_PROBLEM DESCRIPTION_
Exactly the lines below starting at the line with "Trilogia di meteore, elefanti e carillon" and ending at the line with "Happy Work - Management" are wanted, with both ends included. Leave out the pictures and add no other lines.
DATA FOR REVIEW: Begin
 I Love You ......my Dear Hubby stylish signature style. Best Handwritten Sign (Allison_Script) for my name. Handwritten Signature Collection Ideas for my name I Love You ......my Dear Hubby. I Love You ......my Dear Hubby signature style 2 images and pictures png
DATA FOR REVIEW: End
DATA FOR REVIEW: Begin
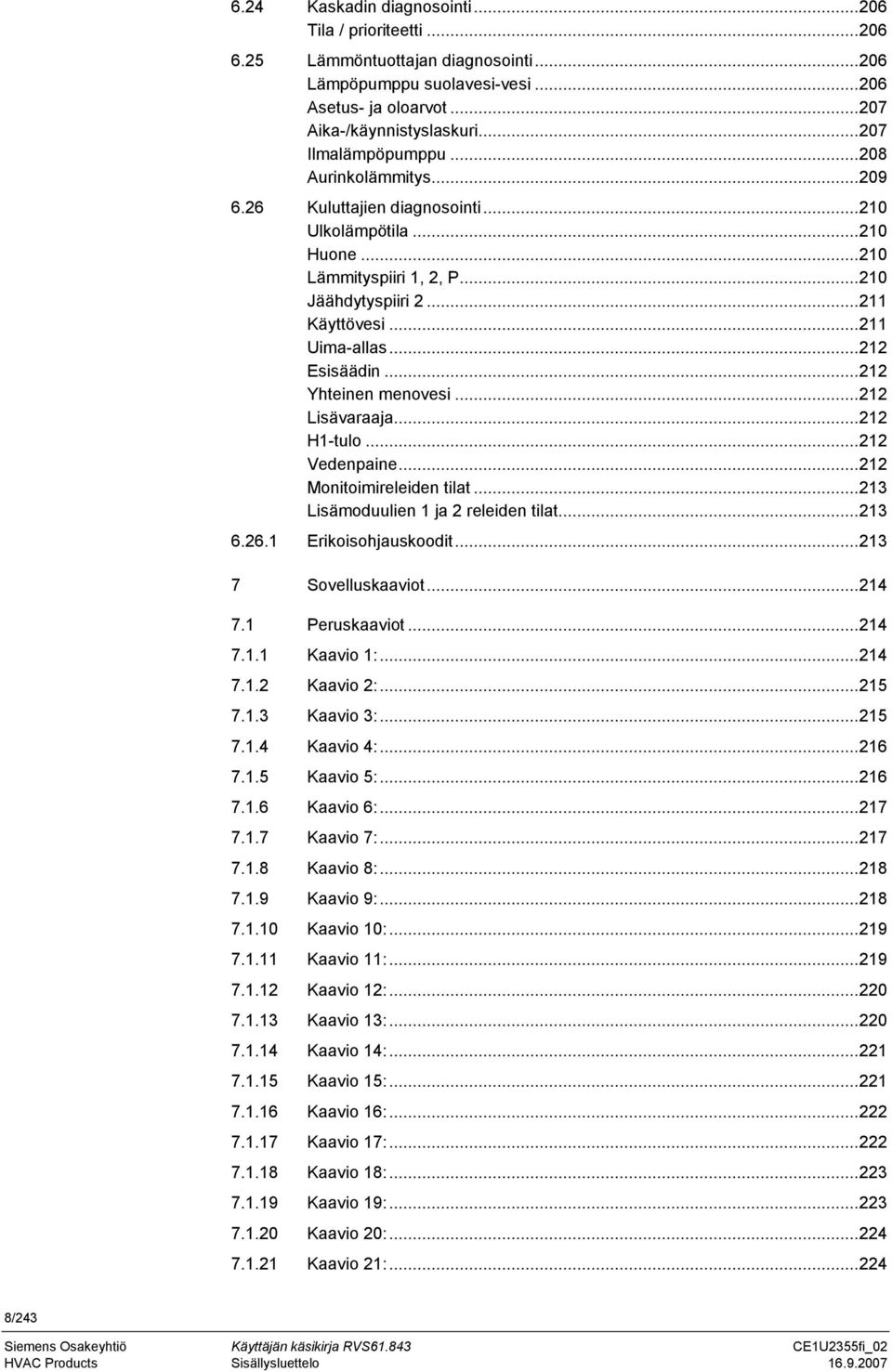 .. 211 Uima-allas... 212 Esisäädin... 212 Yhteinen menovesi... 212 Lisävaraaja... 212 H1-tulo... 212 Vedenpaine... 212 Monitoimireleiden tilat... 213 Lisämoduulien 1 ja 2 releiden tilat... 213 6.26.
DATA FOR REVIEW: End
DATA FOR REVIEW: Begin
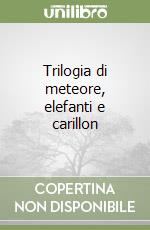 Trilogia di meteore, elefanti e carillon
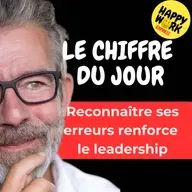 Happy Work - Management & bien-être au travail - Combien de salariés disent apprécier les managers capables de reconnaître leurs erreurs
DATA FOR REVIEW: End
_SOLUTION TO THIS TASK_
 Trilogia di meteore, elefanti e carillon
 Happy Work - Management & bien-être au travail - Combien de salariés disent apprécier les managers capables de reconnaître leurs erreurs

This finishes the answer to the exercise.